### Assigned task
Would you please output all the records exactly as given? Pictures should not appear in the copy.

### Data under study
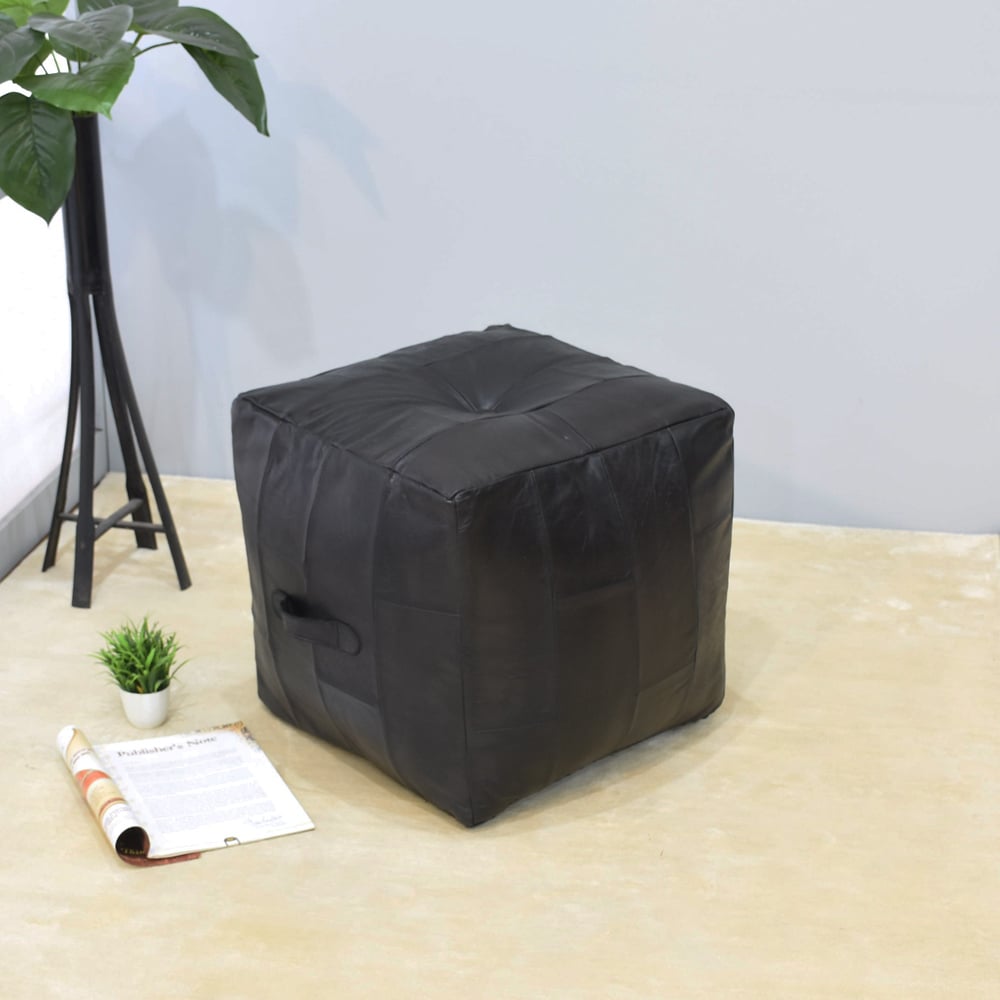BBH Homes   Handmade Black Square Shaped Leather Pouf Ottomans BBBACPF0025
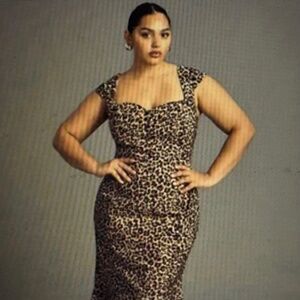 Anthropologie Leopard Midi Dress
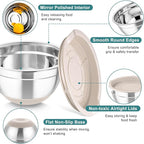 TeamFar Mixing Bowls, 5PCS Stainless Steel Nesting Salad Bowl with Lid & 3 Grater Attachments, for Prepping/Serving/Storing Food, Nontoxic, Airtight Lid & Non-slip Bottom - 4.6/3.5/2.5/1.5/1 QT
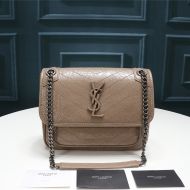 Saint Laurent Baby Niki Chain Bag In Crinkled And Quilted Leather Apricot/Silver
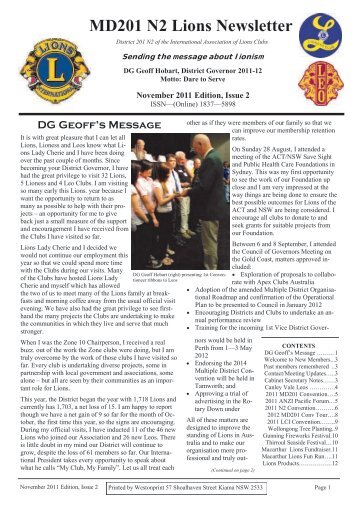 District N2 November 2011 Newsletter - Lions Clubs of District 201N2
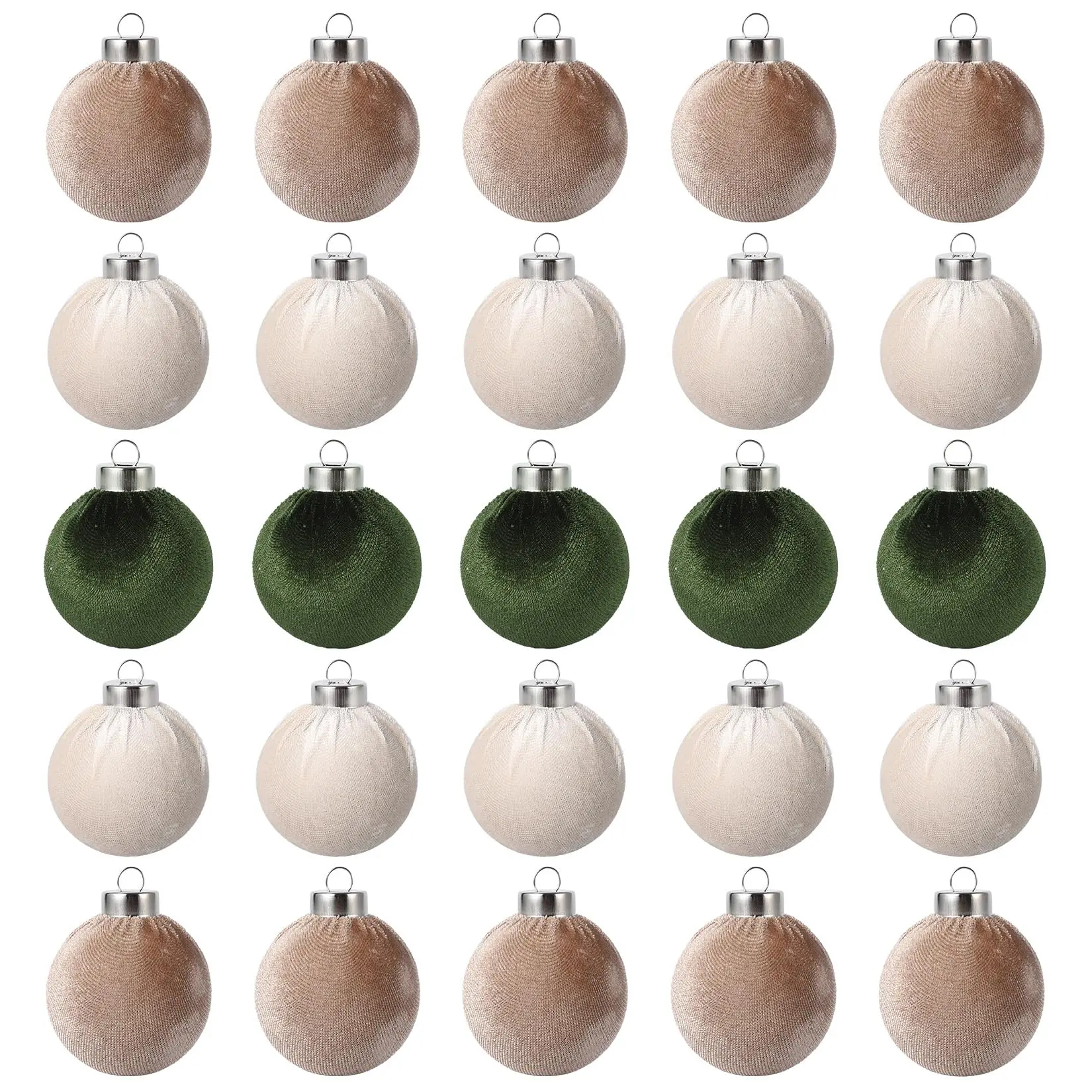 25 Pack Christmas Tree Decorations, 2.36 Inch (6 cm) Velvet Ball Ornaments Shatterproof Plastic Decorations for Xmas Tree Home Holiday Party Christmas Ornaments, Green Brown silver gray textilene chair nt series garden table acacia wood table top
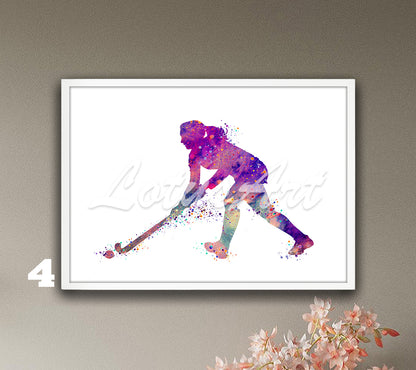 Girl field hockey player watercolor sports art print in bright purple tones - wall decor
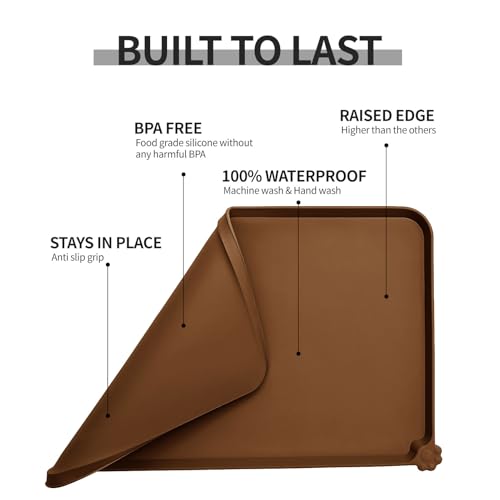 Silicone Pet Feeding Mat (Brown / 28" x 18")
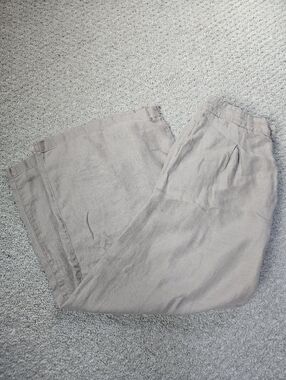 H Halston Tan 100% Linen Wide Leg Breathable Spring Summer Casual Pants Size 6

### Solution for this problem
BBH Homes   Handmade Black Square Shaped Leather Pouf Ottomans BBBACPF0025
 Anthropologie Leopard Midi Dress
 TeamFar Mixing Bowls, 5PCS Stainless Steel Nesting Salad Bowl with Lid & 3 Grater Attachments, for Prepping/Serving/Storing Food, Nontoxic, Airtight Lid & Non-slip Bottom - 4.6/3.5/2.5/1.5/1 QT
 Saint Laurent Baby Niki Chain Bag In Crinkled And Quilted Leather Apricot/Silver
 District N2 November 2011 Newsletter - Lions Clubs of District 201N2
 25 Pack Christmas Tree Decorations, 2.36 Inch (6 cm) Velvet Ball Ornaments Shatterproof Plastic Decorations for Xmas Tree Home Holiday Party Christmas Ornaments, Green Brown silver gray textilene chair nt series garden table acacia wood table top
 Girl field hockey player watercolor sports art print in bright purple tones - wall decor
 Silicone Pet Feeding Mat (Brown / 28" x 18")
 H Halston Tan 100% Linen Wide Leg Breathable Spring Summer Casual Pants Size 6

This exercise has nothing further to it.